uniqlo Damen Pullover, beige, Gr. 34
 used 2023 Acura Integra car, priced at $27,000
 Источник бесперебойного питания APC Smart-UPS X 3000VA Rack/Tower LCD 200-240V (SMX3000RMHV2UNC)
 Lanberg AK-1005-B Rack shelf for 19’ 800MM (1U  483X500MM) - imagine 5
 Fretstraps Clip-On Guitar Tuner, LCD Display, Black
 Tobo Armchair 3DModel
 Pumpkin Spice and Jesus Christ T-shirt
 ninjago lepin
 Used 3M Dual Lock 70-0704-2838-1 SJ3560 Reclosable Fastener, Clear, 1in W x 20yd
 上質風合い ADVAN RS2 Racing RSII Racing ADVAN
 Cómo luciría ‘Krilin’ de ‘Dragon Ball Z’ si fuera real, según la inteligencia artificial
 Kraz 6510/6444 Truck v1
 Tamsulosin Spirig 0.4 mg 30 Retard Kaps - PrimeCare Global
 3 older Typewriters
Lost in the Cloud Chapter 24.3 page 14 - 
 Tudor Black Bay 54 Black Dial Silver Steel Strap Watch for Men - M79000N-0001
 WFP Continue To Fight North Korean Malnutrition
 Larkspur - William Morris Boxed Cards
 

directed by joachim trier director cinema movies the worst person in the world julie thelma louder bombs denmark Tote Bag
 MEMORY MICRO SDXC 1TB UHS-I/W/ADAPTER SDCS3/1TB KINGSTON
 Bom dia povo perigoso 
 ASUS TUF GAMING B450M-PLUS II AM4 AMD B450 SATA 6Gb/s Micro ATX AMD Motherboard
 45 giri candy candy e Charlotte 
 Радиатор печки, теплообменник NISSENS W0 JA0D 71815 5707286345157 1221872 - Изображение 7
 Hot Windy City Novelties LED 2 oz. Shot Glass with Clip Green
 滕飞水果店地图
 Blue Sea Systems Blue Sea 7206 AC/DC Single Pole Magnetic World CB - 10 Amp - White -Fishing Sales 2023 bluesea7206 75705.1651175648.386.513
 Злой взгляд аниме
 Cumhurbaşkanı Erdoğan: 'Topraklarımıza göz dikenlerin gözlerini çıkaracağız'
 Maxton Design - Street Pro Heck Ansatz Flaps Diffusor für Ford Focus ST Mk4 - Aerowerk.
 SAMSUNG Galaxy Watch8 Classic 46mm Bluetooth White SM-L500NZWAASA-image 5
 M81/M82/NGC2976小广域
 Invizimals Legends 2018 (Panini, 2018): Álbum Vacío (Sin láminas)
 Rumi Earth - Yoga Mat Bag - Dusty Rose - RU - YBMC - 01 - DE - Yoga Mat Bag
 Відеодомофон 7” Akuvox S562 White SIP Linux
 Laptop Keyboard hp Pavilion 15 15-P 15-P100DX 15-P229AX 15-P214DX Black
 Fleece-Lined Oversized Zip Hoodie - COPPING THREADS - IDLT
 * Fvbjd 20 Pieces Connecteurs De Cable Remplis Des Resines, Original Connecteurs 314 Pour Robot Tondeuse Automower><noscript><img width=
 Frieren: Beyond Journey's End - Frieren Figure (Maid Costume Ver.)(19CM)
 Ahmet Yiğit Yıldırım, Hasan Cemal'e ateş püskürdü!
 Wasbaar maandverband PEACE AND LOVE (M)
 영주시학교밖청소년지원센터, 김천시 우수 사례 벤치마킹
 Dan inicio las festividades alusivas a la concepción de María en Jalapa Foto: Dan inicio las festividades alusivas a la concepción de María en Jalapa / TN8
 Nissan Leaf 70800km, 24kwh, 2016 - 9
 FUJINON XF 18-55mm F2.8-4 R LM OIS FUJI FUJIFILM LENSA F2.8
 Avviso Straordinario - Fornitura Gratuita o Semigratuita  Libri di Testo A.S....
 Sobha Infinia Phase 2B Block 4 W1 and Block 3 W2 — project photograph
####################
The task = Transcribe the listing above line for line, from the first line to the line containing "Cómo luciría ‘Krilin’", inclusive, with no other lines.

Answer to the problem =
uniqlo Damen Pullover, beige, Gr. 34
 used 2023 Acura Integra car, priced at $27,000
 Источник бесперебойного питания APC Smart-UPS X 3000VA Rack/Tower LCD 200-240V (SMX3000RMHV2UNC)
 Lanberg AK-1005-B Rack shelf for 19’ 800MM (1U  483X500MM) - imagine 5
 Fretstraps Clip-On Guitar Tuner, LCD Display, Black
 Tobo Armchair 3DModel
 Pumpkin Spice and Jesus Christ T-shirt
 ninjago lepin
 Used 3M Dual Lock 70-0704-2838-1 SJ3560 Reclosable Fastener, Clear, 1in W x 20yd
 上質風合い ADVAN RS2 Racing RSII Racing ADVAN
 Cómo luciría ‘Krilin’ de ‘Dragon Ball Z’ si fuera real, según la inteligencia artificial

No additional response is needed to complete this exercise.